Mamta Saxena, an associate professor of human development at SUNY Oswego, earned the best overall presenter award for her virtual presentation of “Juggling Chaos: Gender Issues in Navigating Demands, Family Routines and Stress During the Pandemic” at the Ninth World Conference on Women’s Studies.
The conference took place both in person and virtually in Thailand on May 11 and 12.
Saxena’s research explored gender differences in regards to economic demands, family routines, coping and stress throughout 2020 and 2021, using a web-based survey of 814 individuals.
“According to social science researchers, COVID-19 and its variants created a global collective crisis that affected everyone regardless of their diverse backgrounds,” Saxena explained. “We do not often experience such unprecedented shifts that impact and question the sustenance of micro to macro systems worldwide. Thus, the pandemic provided a distinct opportunity to get insights into the experiences of family members and traditional structural inequities entrenched in family life.”

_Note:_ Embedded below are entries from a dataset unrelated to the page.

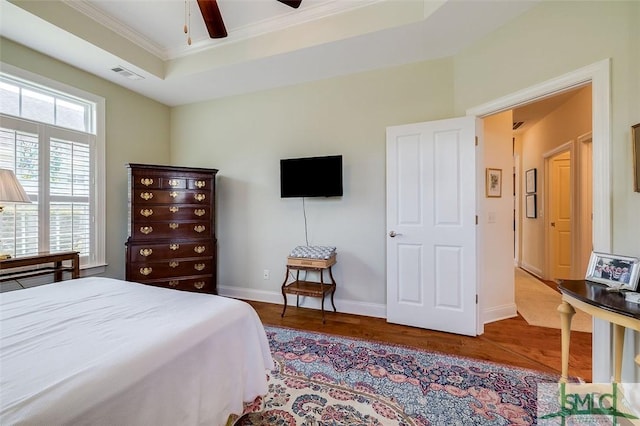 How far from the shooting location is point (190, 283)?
3.27 m

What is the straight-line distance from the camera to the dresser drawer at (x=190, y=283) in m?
3.11

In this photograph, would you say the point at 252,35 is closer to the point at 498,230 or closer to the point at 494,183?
the point at 494,183

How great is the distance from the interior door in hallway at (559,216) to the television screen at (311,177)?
3.97 m

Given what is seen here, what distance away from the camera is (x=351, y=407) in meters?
1.61

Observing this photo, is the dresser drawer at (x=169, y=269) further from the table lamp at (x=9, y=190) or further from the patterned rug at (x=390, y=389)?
the patterned rug at (x=390, y=389)

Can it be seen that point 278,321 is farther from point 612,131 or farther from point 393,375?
point 612,131

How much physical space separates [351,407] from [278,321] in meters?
1.46

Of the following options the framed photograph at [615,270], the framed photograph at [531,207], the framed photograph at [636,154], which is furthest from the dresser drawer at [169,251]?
the framed photograph at [531,207]

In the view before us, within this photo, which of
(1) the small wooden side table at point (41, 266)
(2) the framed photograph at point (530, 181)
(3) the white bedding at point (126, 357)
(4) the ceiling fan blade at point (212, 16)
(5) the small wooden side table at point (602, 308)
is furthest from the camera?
(2) the framed photograph at point (530, 181)

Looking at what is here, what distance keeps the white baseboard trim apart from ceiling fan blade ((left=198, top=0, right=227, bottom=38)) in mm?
3621

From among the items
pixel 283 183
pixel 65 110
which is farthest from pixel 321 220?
pixel 65 110

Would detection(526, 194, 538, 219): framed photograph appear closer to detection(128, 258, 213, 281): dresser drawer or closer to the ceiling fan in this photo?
the ceiling fan

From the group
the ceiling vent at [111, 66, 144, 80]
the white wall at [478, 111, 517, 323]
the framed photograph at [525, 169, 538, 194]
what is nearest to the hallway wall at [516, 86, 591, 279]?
the framed photograph at [525, 169, 538, 194]

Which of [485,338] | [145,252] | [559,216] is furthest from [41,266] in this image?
[559,216] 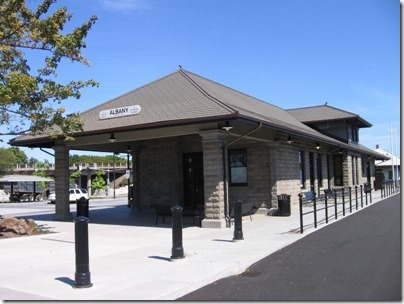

The project began as a collaboration between Saxena and two colleagues on the human development faculty, Dorothy Shedlock and Randall Stetson. Saxena collected data with the help of students in her research methods course, which led to a 2020 publication in Frontiers in Communication titled “Gender and disruptions in family routines and stress amid COVID-19,” co-authored by Saxena, Shedlock and another human development colleague, Zachary Gold.
Saxena’s award-winning presentation featured “a comparative analysis of trends and patterns in 2020 and 2021, aiming to determine the most significant predictor of stress,” she said. “The findings suggested that families have not rebounded despite being vaccinated and relaxed restrictions. Disturbingly, individuals continued to report high levels of clinical stress in 2020, which escalated in 2021.”